The original choice of Binder was because it allowed us to provision the machines with drake via a Docker instance, where Colab does not. But the drake docker instance is large enough that the Binder setup takes just as long as setting up Colab in the first cell of a notebook. We also thought there were a number of things that Colab would not support, such as interactive visualization, but I've worked around many of those (#12645). Colab has also proven to be a much more stable/reliable resource.
But most of all, Colab's connection to Google drive changes the game. Now that it works well, I find myself routinely starting my work on a colab notebook, running it from any device, and (as the name suggests) very easily sharing it with collaborators.
This requires some modifications to the preamble of our notebooks. Here is an example:
https://colab.research.google.com/drive/1rhqV8WMo6pNyzOV3TjAth4R9hSlZx64t
@EricCousineau-TRI , @hongkai-dai , or others, any thoughts? (especially on the preamble)?
Note: I am ok supporting both Binder and Colab, but think Colab should be the first priority (sometimes one visualization approach might be a little better in colab vs binder; let's favor colab always).
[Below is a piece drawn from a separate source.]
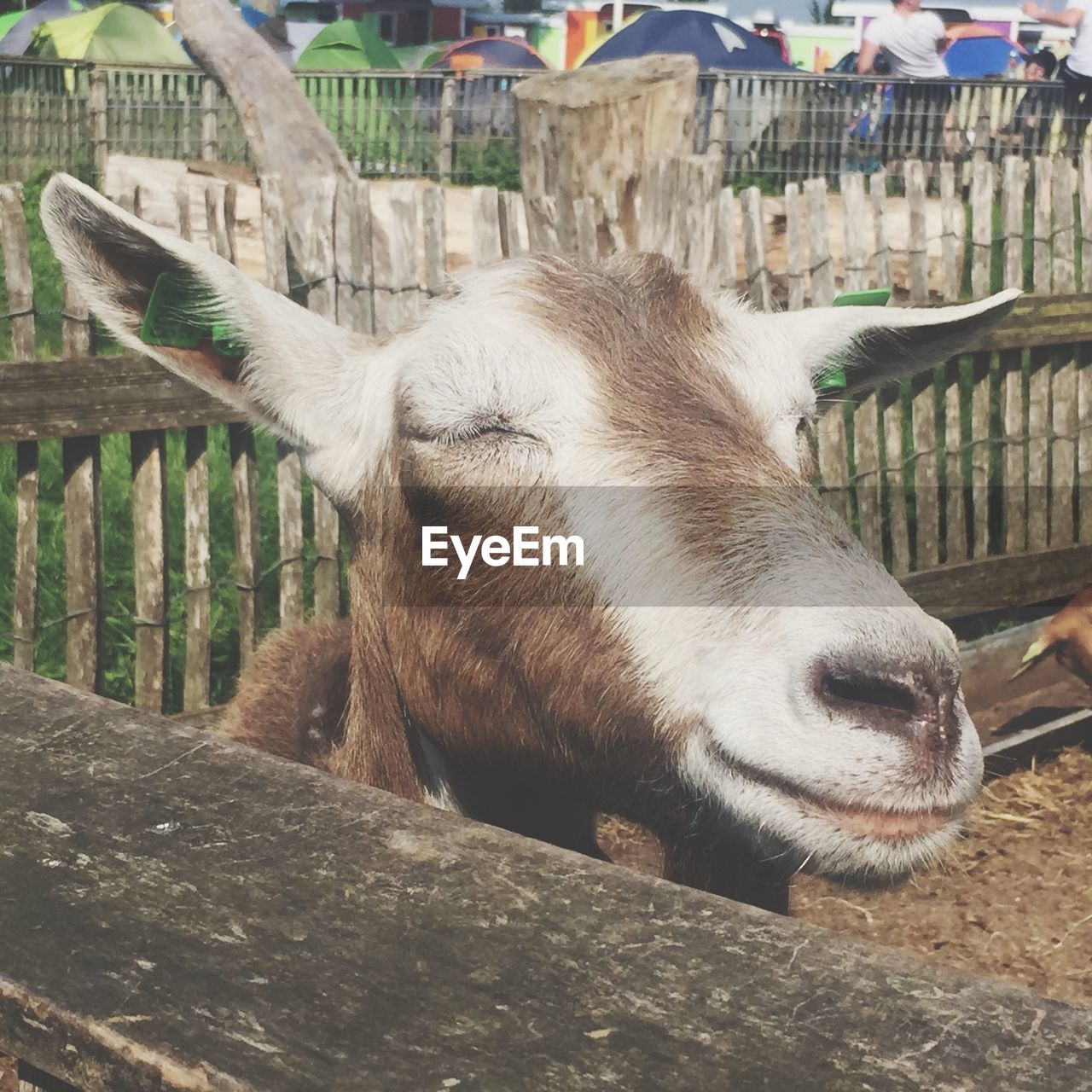Goat with eyes closed in animal pen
I am also ok if we simple remove Binder from the readme's and do not advertise/actively support it.
I'm not a huge fan of embedding the preamble in each tutorial, but yeah, I can understand that our usage of public Binder is suboptimal compared to what Google Colab can offer (I think for free, by default?), and cost/benefit of Colab setup time vs. what Binder actually gives us, and most definitely the connection with Google Drive being uber pervasive.
As an alternative to the preamble, is it possible for us to easily specify a Kernel image for Colab to use?
If we were to stick with the preamble, it would be nice to somehow indicate, in each of the tutorials perhaps, when it's necessary for the runtime to be upgraded?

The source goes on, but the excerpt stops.